International career
- Years: Team / Apps / (Points)
- 1950: New Zealand / 1 / (0)
- Rugby league career

Playing information
Club
| Years | Team | Pld | T | G | FG | P |
| 1951–5? | Leigh |  |  |  |  |  |
| 195? | Belle Vue Rangers |  |  |  |  |  |
|  | Total | 0 | 0 | 0 | 0 | 0 |

= George Beatty (rugby union) =

NZ international rugby union & league player (1925-2004)

George Edward Beatty (29 March 1925 — 25 July 2004) was a New Zealand rugby union international.

Beatty attended New Plymouth Boys' High School and played his club rugby for New Plymouth HSOB.

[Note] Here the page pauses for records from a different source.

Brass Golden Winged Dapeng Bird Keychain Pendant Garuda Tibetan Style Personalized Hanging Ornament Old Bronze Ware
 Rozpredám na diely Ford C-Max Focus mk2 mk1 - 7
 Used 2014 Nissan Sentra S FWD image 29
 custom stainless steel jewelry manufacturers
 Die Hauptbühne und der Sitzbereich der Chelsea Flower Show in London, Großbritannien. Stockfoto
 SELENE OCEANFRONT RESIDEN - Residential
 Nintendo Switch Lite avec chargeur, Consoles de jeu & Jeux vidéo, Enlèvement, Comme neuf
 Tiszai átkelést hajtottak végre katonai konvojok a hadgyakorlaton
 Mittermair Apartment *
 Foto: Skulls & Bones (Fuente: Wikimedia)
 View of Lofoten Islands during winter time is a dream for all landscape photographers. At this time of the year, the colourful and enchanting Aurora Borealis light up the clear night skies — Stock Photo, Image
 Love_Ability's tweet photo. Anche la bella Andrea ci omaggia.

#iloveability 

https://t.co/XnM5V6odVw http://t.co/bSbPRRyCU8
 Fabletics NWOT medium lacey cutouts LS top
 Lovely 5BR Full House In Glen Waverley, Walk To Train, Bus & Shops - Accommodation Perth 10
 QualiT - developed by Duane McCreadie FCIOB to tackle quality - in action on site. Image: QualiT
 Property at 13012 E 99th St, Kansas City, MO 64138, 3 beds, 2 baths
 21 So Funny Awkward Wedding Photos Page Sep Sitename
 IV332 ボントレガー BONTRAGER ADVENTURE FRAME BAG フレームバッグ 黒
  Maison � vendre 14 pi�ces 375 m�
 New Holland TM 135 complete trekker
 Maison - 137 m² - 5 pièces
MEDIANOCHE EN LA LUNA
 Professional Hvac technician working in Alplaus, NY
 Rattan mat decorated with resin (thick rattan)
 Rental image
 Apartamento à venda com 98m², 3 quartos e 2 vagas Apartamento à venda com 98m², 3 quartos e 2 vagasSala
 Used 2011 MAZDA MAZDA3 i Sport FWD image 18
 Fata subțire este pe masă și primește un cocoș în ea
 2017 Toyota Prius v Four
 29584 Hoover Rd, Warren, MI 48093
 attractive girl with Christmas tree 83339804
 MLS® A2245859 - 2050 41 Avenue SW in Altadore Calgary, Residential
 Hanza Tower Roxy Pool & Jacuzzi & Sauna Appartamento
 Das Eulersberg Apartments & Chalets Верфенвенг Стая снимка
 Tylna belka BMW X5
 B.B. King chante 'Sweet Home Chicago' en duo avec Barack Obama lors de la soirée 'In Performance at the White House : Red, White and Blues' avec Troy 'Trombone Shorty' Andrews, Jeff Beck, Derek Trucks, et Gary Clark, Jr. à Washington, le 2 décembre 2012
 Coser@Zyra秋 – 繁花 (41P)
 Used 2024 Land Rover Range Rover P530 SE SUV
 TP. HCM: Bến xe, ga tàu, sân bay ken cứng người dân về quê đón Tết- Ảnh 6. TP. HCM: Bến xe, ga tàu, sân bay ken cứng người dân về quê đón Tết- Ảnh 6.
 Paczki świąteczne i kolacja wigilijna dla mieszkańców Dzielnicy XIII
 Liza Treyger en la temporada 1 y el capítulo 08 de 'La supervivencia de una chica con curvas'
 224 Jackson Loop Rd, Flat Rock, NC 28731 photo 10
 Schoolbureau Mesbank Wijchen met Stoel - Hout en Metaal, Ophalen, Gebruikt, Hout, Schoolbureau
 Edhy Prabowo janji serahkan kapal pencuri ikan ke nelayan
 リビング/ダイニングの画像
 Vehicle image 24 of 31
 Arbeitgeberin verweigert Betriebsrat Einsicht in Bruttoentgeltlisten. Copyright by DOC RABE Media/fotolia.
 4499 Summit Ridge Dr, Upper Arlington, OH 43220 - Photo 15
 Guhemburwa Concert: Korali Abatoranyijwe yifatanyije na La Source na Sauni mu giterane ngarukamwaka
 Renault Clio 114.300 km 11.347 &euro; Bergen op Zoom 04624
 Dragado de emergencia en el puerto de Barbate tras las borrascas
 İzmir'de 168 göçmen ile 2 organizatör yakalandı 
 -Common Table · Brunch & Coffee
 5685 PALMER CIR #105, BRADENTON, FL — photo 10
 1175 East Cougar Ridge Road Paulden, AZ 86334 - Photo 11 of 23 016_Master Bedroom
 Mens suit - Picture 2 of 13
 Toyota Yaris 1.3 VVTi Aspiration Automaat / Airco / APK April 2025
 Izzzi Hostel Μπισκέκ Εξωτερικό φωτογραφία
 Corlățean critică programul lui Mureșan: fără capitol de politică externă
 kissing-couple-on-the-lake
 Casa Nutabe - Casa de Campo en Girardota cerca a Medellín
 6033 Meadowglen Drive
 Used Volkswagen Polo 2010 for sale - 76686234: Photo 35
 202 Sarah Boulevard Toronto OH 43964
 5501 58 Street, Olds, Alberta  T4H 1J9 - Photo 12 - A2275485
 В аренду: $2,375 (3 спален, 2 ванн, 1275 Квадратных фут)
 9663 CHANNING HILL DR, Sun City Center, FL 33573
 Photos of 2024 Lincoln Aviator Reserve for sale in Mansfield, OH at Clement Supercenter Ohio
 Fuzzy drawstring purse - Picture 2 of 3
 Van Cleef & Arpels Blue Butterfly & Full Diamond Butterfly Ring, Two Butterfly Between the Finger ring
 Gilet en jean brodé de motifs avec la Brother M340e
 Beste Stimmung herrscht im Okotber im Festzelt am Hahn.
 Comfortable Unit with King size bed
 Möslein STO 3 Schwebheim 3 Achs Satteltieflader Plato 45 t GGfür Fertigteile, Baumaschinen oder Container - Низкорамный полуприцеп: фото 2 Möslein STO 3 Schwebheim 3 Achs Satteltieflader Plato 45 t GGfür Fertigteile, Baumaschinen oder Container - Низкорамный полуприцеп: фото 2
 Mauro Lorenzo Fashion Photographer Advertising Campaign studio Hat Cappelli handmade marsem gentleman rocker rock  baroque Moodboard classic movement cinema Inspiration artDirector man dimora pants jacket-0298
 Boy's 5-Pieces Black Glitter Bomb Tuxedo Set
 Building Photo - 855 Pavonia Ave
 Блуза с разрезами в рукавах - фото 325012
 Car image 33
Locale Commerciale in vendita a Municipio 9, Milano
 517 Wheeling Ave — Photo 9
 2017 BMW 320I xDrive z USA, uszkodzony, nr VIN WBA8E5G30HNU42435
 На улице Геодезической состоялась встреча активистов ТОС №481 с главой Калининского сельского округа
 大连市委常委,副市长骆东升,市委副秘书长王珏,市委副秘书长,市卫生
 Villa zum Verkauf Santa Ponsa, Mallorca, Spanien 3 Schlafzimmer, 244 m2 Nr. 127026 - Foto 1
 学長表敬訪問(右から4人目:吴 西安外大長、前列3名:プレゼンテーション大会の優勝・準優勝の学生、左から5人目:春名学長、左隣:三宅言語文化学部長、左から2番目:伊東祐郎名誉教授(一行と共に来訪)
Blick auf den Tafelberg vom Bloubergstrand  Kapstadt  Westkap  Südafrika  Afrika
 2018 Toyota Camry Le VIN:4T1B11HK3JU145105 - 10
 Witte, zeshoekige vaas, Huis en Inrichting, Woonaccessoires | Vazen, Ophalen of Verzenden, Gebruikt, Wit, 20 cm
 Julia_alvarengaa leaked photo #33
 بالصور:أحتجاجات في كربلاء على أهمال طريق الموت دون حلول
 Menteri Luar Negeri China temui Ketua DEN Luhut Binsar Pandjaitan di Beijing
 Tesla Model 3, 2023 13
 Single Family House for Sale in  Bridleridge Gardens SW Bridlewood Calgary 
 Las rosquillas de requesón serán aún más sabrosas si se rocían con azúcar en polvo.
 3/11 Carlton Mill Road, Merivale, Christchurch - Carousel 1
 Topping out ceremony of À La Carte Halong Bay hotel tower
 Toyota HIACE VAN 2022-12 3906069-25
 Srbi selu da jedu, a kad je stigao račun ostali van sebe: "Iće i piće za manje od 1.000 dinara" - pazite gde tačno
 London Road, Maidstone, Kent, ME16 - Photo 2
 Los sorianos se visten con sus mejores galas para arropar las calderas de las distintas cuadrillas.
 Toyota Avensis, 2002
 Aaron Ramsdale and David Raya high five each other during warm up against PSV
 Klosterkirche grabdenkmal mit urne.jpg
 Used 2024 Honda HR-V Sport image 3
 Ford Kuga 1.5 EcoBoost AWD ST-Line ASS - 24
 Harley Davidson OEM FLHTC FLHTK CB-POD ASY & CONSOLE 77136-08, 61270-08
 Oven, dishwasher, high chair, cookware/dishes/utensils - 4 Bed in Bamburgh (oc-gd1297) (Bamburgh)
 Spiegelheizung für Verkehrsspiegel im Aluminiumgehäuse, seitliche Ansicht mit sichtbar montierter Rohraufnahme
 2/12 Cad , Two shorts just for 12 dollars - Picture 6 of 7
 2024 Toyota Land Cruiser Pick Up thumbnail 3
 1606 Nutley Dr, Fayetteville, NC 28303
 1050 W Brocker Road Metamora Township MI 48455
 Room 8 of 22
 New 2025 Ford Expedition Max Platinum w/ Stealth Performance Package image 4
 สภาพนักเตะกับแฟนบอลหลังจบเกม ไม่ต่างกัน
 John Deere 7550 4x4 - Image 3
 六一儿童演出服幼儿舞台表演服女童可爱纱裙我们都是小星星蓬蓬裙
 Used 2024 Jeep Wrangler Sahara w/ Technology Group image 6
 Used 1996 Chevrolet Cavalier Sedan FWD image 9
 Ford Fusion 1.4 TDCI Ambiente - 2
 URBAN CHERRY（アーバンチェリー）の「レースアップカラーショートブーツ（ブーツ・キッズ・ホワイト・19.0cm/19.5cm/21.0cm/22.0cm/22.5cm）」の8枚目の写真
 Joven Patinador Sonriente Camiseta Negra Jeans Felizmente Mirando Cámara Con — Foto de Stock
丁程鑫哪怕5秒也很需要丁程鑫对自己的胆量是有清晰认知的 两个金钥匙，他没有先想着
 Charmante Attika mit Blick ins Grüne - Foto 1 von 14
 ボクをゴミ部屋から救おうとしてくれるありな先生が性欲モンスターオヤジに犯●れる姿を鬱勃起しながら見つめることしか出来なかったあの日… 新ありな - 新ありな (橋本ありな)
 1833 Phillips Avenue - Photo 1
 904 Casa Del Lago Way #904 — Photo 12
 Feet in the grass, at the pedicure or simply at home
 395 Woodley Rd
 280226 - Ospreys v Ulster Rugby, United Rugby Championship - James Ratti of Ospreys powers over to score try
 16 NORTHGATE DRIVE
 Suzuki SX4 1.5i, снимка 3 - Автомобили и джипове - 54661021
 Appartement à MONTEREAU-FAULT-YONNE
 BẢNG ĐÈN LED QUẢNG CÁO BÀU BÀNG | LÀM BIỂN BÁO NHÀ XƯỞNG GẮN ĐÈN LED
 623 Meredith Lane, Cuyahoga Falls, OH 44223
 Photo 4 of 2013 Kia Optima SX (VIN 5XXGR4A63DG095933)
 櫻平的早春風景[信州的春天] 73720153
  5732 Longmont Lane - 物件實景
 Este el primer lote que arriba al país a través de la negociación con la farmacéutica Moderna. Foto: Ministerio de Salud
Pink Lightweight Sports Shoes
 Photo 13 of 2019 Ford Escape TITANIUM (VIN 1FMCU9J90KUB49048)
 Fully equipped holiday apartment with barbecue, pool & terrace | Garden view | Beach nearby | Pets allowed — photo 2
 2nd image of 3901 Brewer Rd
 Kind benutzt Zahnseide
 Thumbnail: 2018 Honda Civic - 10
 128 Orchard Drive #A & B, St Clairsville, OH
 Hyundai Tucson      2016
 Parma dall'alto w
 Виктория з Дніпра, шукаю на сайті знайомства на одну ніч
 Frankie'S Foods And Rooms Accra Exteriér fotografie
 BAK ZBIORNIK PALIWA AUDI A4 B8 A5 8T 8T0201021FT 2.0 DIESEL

A fly-half, Beatty played provincial rugby for Taranaki and was a North Island representative in 1949. He was capped once for the All Blacks, in the 1st Test against the touring 1950 British Lions at Carisbrook. The match finished in a draw and Beatty was replaced by Laurie Haig for the remaining Tests.

Beatty represented Taranaki in the Hawke Cup cricket competition.

In the early 1950s, Beatty played rugby league in England, with Leigh and Belle Vue Rangers.